• Exercise brief: Output must consist only of the lines of the material below from the one with "Musée de l'école de 1960 à 1970_Noves" through the one with "Akai APC Mini", each reproduced exactly; no pictures belong in it.

• Supplied entries:
▼

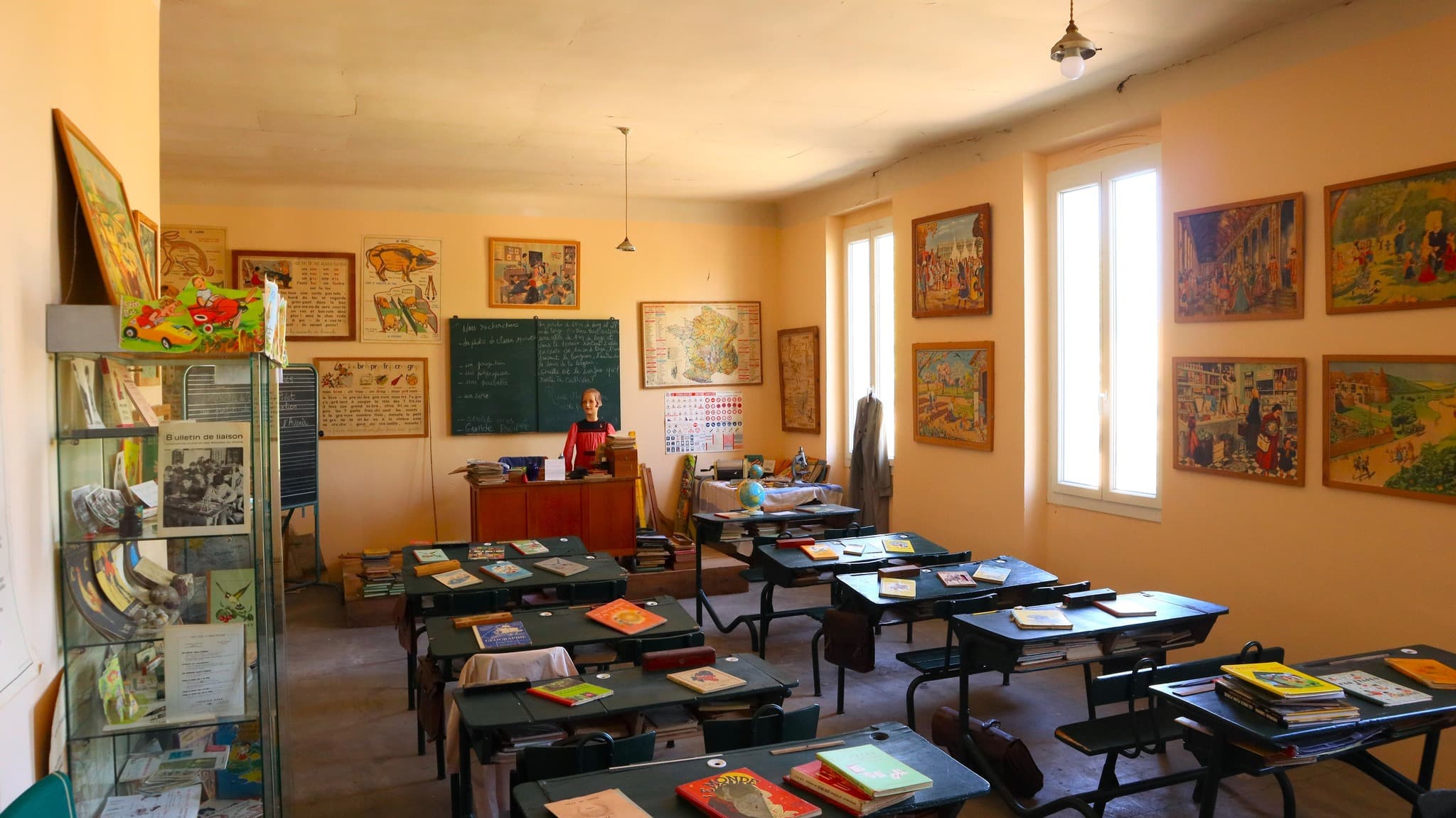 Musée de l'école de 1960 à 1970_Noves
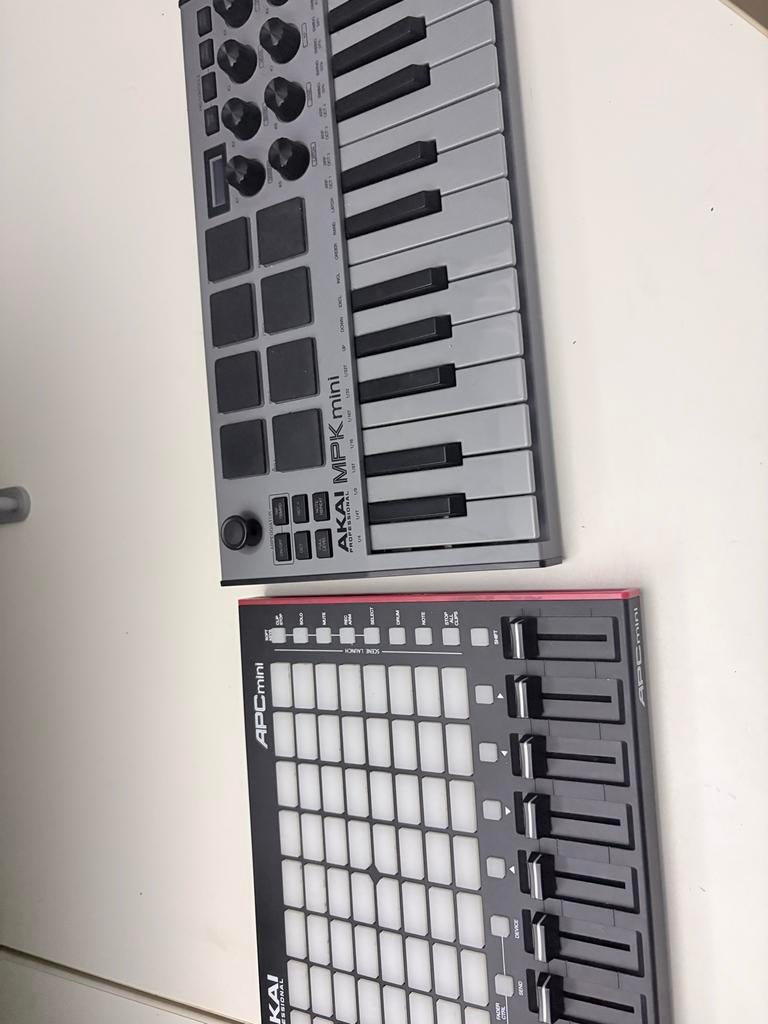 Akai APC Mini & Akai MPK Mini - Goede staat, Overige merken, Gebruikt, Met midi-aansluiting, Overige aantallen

▲
▼

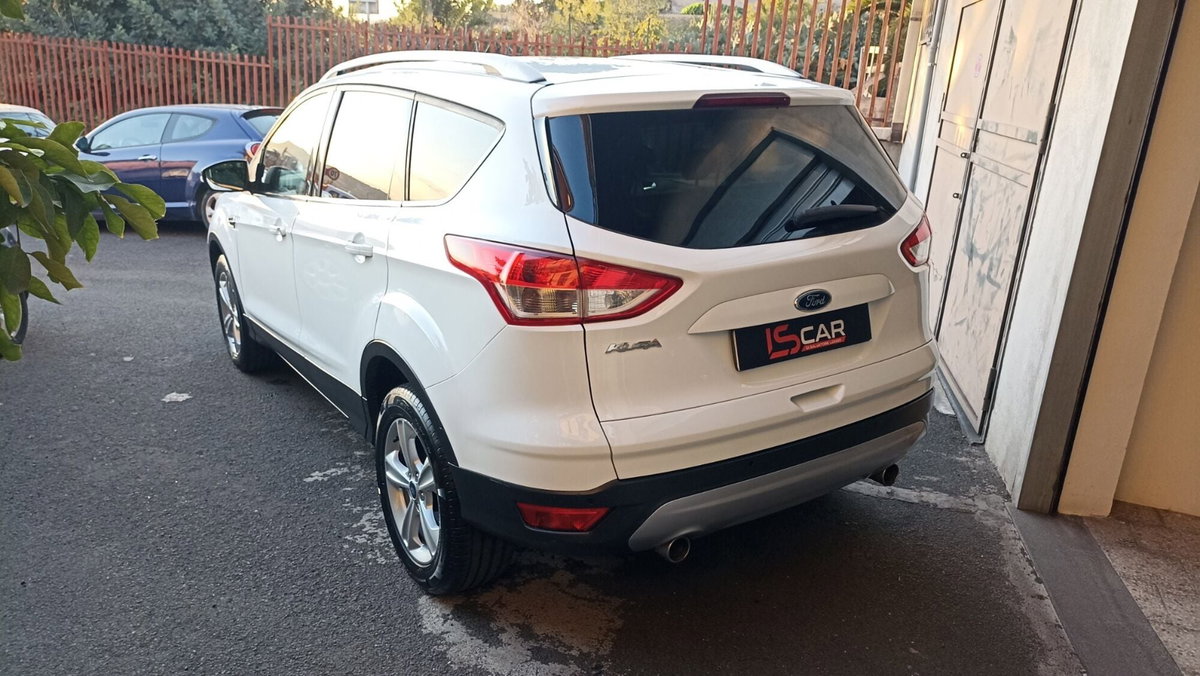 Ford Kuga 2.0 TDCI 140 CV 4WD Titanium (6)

▲
▼

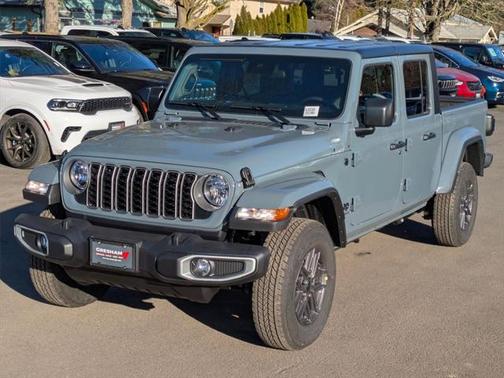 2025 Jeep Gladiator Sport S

▲

• Answer section:
 Musée de l'école de 1960 à 1970_Noves
 Akai APC Mini & Akai MPK Mini - Goede staat, Overige merken, Gebruikt, Met midi-aansluiting, Overige aantallen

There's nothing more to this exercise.